- _Supplied data_

§ §

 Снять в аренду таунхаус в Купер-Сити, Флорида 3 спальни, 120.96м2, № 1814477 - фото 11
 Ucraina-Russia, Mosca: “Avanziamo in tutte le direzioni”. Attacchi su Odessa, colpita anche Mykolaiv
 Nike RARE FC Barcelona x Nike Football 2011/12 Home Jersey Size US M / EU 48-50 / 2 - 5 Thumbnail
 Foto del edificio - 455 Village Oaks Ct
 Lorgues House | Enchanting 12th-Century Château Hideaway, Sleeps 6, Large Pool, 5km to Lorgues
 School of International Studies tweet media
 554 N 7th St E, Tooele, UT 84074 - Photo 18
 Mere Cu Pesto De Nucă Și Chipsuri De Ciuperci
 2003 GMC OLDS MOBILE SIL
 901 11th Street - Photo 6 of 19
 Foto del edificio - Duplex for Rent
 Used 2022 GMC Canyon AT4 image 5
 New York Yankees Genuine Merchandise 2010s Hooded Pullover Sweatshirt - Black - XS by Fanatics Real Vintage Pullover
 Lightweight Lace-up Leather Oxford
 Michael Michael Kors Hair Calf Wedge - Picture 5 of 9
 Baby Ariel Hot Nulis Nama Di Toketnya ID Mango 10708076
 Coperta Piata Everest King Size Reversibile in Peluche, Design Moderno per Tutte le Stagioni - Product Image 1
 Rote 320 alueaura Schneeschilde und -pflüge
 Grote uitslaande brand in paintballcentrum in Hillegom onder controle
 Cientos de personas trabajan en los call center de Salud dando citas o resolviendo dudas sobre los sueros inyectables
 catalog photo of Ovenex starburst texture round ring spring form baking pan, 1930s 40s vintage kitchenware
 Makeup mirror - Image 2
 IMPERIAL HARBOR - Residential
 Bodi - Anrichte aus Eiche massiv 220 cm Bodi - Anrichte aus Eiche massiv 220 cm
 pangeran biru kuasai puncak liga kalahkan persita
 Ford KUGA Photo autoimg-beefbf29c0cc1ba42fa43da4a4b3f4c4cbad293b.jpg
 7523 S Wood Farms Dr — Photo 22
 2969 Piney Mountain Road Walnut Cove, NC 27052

§ §

- _What you need to do_
Within the entries, find all lines that contain "Size" and copy each one.

- _Output for this task_
 Nike RARE FC Barcelona x Nike Football 2011/12 Home Jersey Size US M / EU 48-50 / 2 - 5 Thumbnail
 Coperta Piata Everest King Size Reversibile in Peluche, Design Moderno per Tutte le Stagioni - Product Image 1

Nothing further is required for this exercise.